Nella sua multiforme attività, la S. si è soffermata spesso sul cinema e, più in generale, sulle forme contemporanee dell'immagine. In Against interpretation (1966; trad. it. 1967), una raccolta di saggi in cui si affrontano temi e autori disparati ‒ da J.-P. Sartre ad A. Camus, da S. Weil a S. Beckett, da C. Lévi-Strauss fino ai film di fantascienza ‒ è contenuto un famoso saggio sul cinema di Jean-Luc Godard; qui la S. ribadisce la necessità di rovesciare l'approccio interpretativo all'opera d'arte, rileggendo il corpus del cinema godardiano nella sua materialità, nel suo essere oggetto corporeo. Il film, dunque, non viene visto come un testo da interpretare ma come una delle possibili forme della cultura materiale, attraverso cui le idee della modernità trovano una loro manifestazione. Questa attitudine estetica di carattere 'anti-intellettuale' ritorna nella raccolta di saggi Styles of radical will (1969; trad. it. 1975), dove la materialità dell'oggetto estetico assume una valenza erotica e sensuale, nella relazione tra il suo creatore e il suo fruitore. Il lavoro sull'immagine come elemento che caratterizza la contemporaneità è proseguito con On photography (1977; trad. it. 1992), opera vincitrice del premio del National Books Critics' Circle nel 1977 come migliore saggio critico. In questo testo, riflettendo sulla presenza pervasiva della fotografia nella società moderna, la S. pone in rilievo due aspetti strettamente connessi: se da una parte si può attribuire all'immagine contemporanea una valenza e un potere impensabili nei secoli precedenti, dall'altra questo potere finisce per sospendere la capacità di distinguere il reale dal simulacro, la materia dalla sua rappresentazione fotografica, riproducendo così un modo di sentire tipico delle società arcaiche ‒ dove la cosa e la sua immagine sono forme diverse del medesimo spirito vitale ‒ con una differenza sostanziale dovuta al fatto che la nuova società attribuisce alle cose la qualità dell'immagine.

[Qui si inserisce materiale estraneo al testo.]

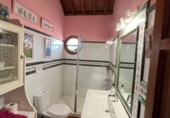 Casa de camp amb terreny en venda a la España, Villamartín, ref.: TR344942 foto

La problematica dell'immagine come perno attraverso cui comprendere le dinamiche della contemporaneità prende corpo anche nei film scritti e diretti dalla S.: Duett för kannibaler, conosciuto come Duet for cannibals (1969) e Bröder Carl, noto come Brother Carl (1971), entrambi girati in Svezia; Promised lands (1974), girato in Israele durante la guerra del 1973, e Unguided tour (1983; Giro turistico senza guida), tratto dal suo racconto omonimo, girato a Venezia. L'elemento che accomuna questi film risiede infatti nella ricerca di uno sguardo sulle tensioni politiche e culturali della contemporaneità, in cui la potenza del cinema e la sua capacità di mostrare 'immediatamente' gli spazi e i corpi, le loro ferite e le loro contraddizioni, permettono di oltrepassare i limiti dell'interpretazione che, con lo scopo di comprendere il contenuto di un film, lo pone in realtà a distanza, oggettivandolo nel discorso.
Nel 1992 la S. ha ricevuto il premio Curzio Malaparte e nel 1999 è stata nominata Commandeur de l'Ordre des arts et des lettres dal governo francese. I suoi testi sono stati tradotti in trentadue lingue.
L. Piré, Un transito nel moderno: l'esempio di Susan Sontag, in "Contesti", 1988, 1, pp. 179-97; S. Sayre, Susan Sontag. The elegiac modernist, New York-London 1990.